Sump pumps empty the water that runs into a hole called a sump that is dug in the lowest part of a basement. A sump pump should start automatically when the water level in the sump rises and turns itself off when the water level falls.
There are many types of sump pumps. Most sump pumps are permanent units which run on electricity. However, some sump pumps are powered by small engines that run on gasoline, and other run off of pressure from the water main. These last two types of sump pumps are usually intended more for occasional emergency duty instead of regular use.
Two common types of electric sump pumps are the pedestal pump and submersible pump. Both types of pump have a rotary pump unit which rests on the bottom of the sump, or hole. Water enters this unit through a grill that is able to trap objects in the pump. The water leaves from an outlet attached to a discharge pipe.
One of the differences between the two types of pumps is that the submersible pump is completely sealed — and much quieter — while the noisier pedestal sump pump has an unsealed motor on the top of a long pole to keep it from getting wet. A submersible sump pump is controlled by a switch inside of the motor, while the pedestal pump has a switch attached to a float near the base of the unit which monitors the level of water.
Installing a sump pump can be difficult and usually requires the skills of a plumber, an electrician, and a carpenter.

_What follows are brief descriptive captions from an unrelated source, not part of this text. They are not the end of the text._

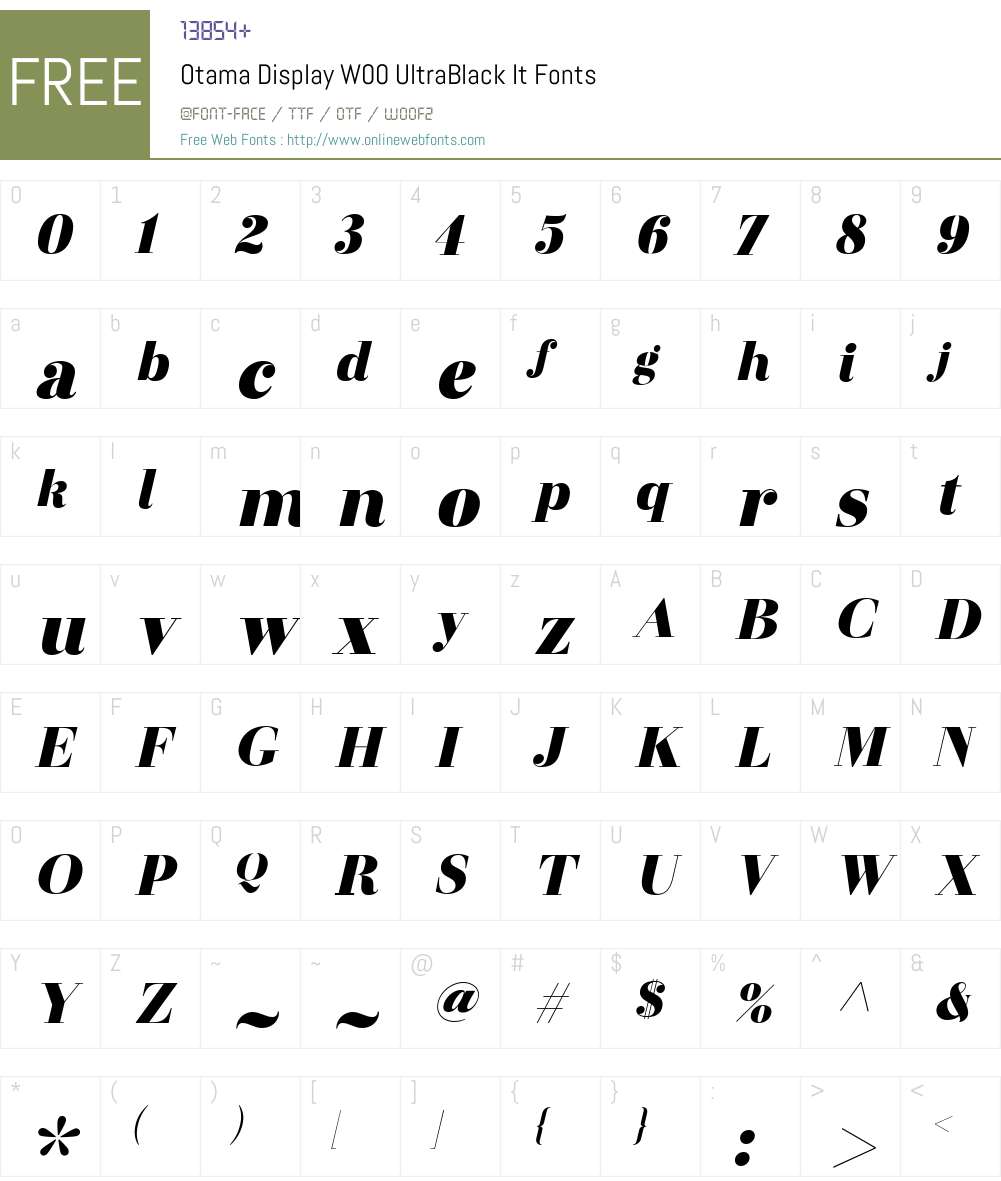 OtamaDisplayW00-UltBlackIt Font Screenshots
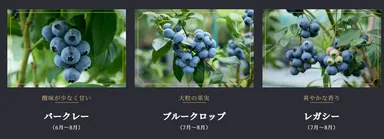 バークレー／ブルークロップ／レガシー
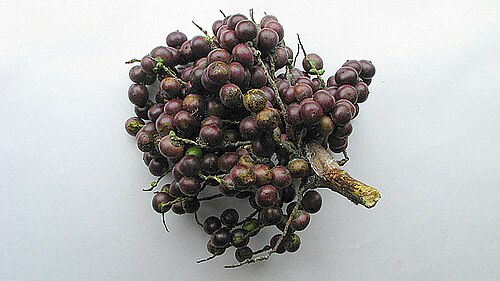 Bactris ferruginea: Bactris ferruginea Burret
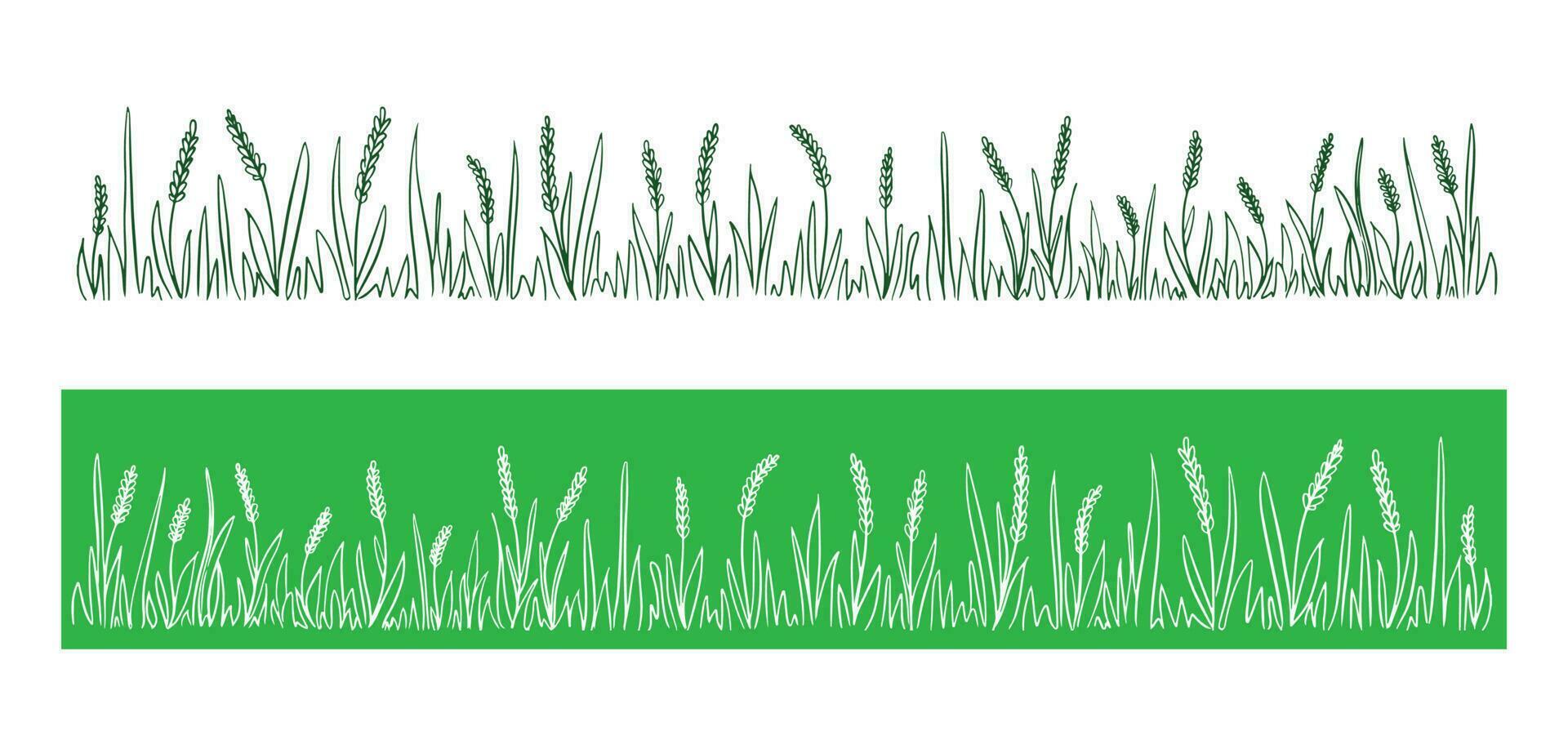 Wild ears of corn field on a green background.Grass in field.Vector illustration. vector
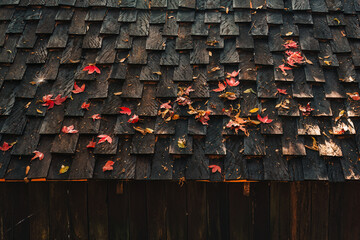 Maple leaf fall on wooden roof - 769850167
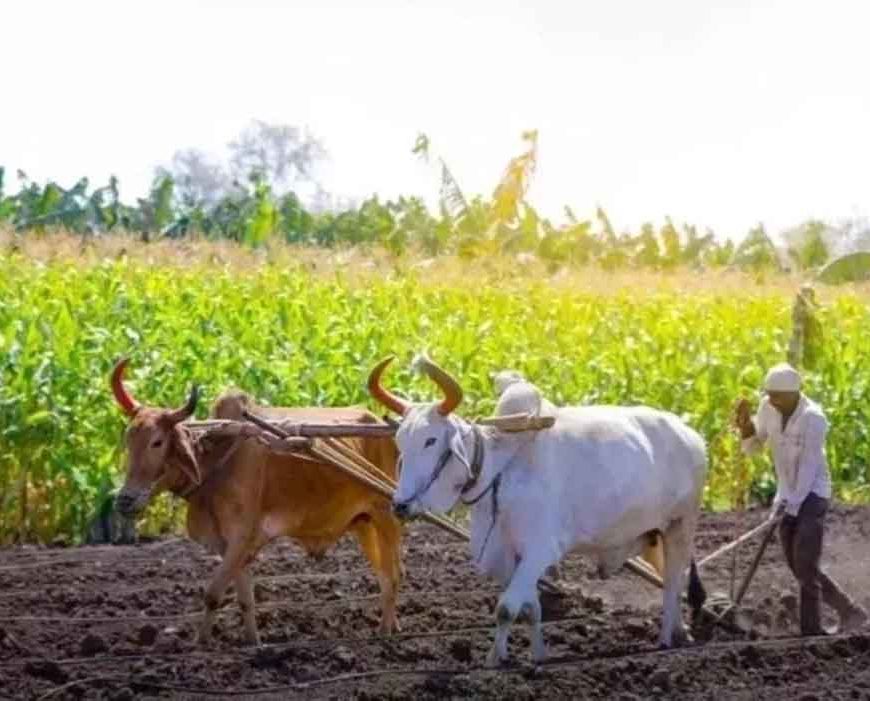 ‘श्रीअन्न’ किसानों ने सरकारी खरीद को दी प्राथमिकता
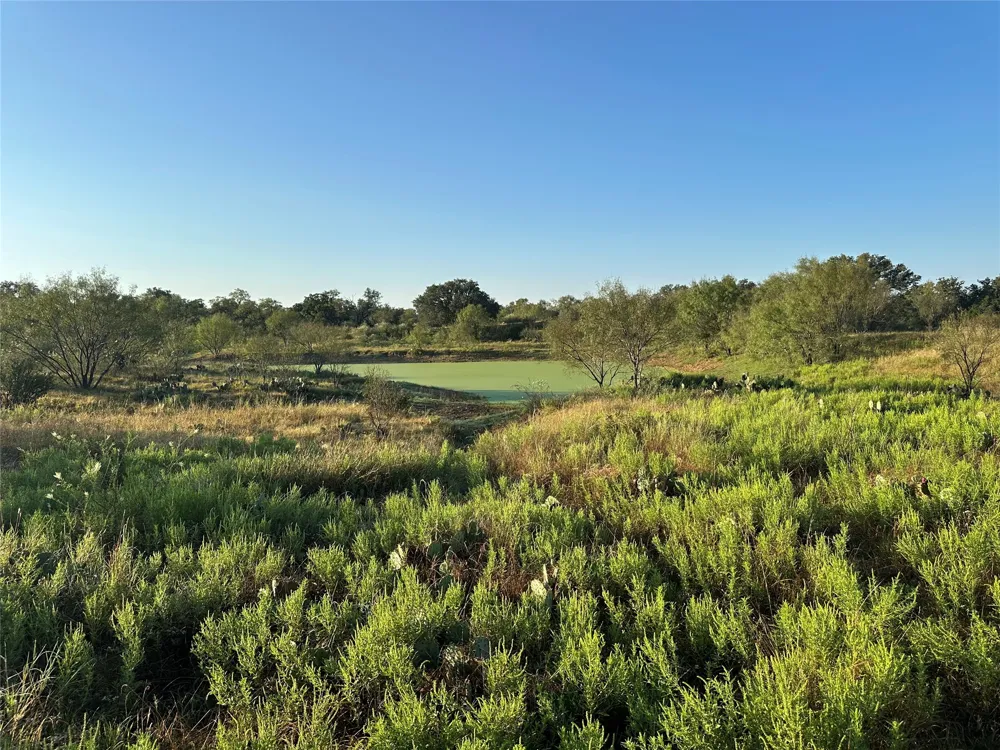 2976 Lower Willow Creek Road Mason, TX 76820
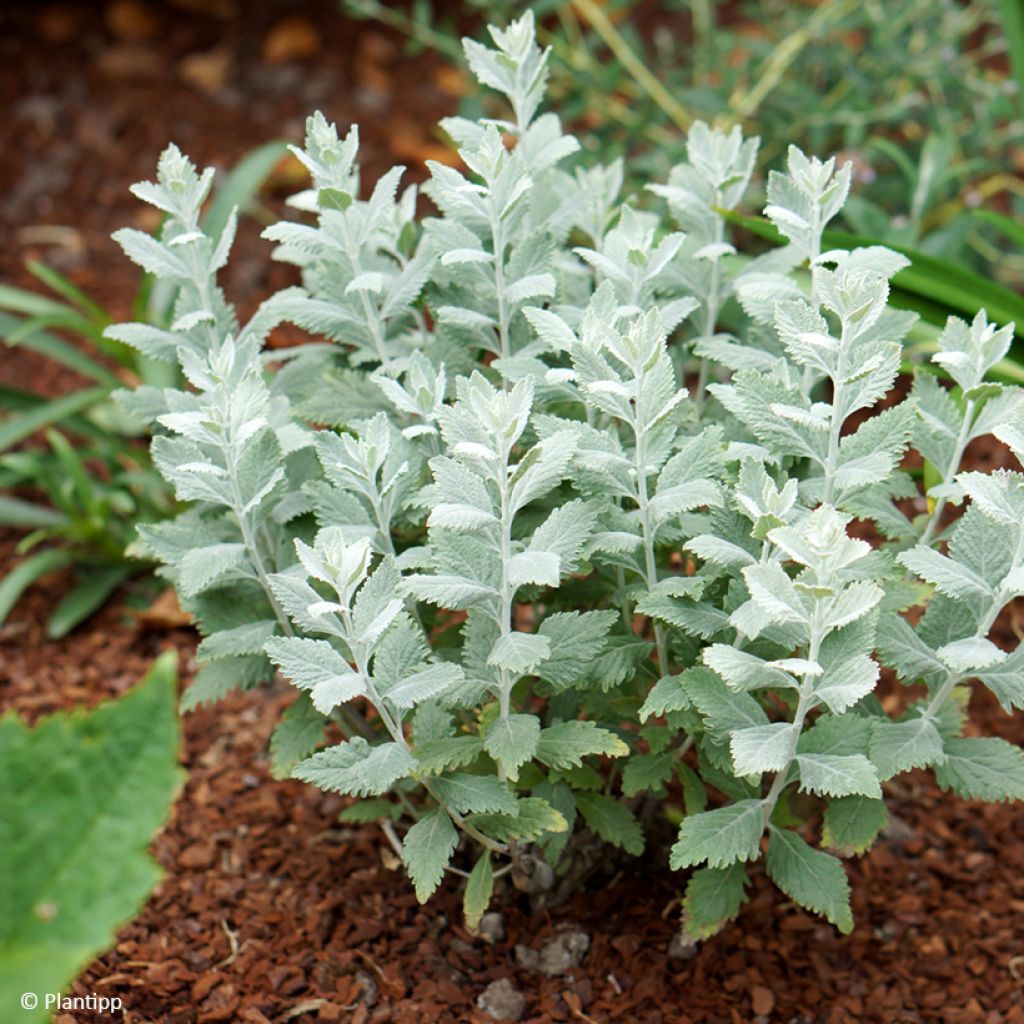 Perovskia  atriplicifolia Silvery Blue - Russian Sage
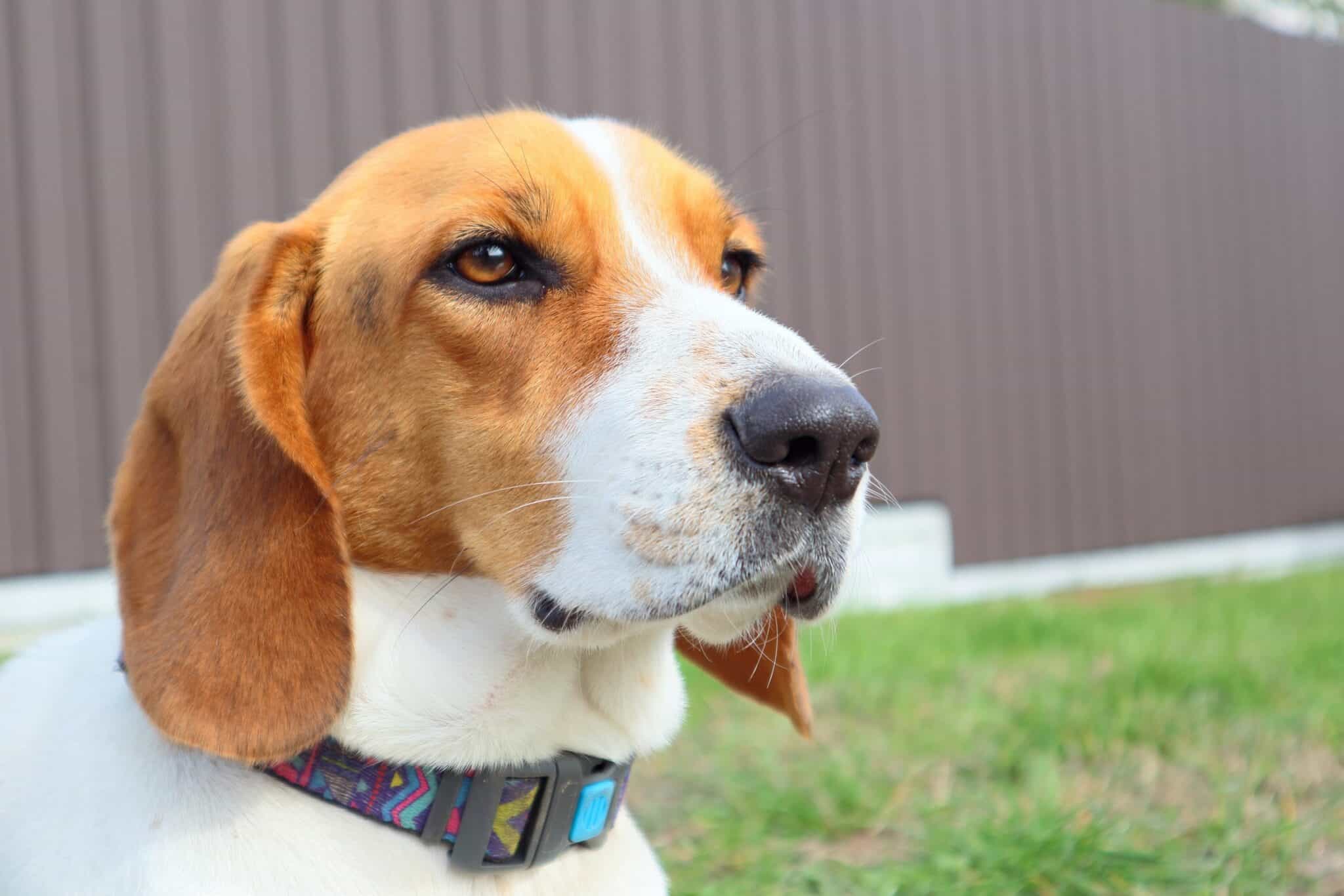 Why Is My Dog's Nose Dry? (Top 11 Reasons & What to Do)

First, the hole, or sump, must be dug — a jackhammer is usually needed to get through the concrete floor of most basements. The sump should be lined with a cylinder that can be made out of a variety of different materials, but should be bottomless. This cylinder keeps the sides of the sump from caving in.
Depending upon the plumbing codes in a particular area, the discharge line can run to sewer lines or the storm drain system. Some areas do not allow for the water from the basement to be pumped into sewer lines. If so, the water can either be pumped into the storm drain or pumped away from the house into the soil.
All sump pumps should be covered both for safety and in order to minimize debris in the sump pump. Some sump pump liners come with a cover, but often a cover must be added manually.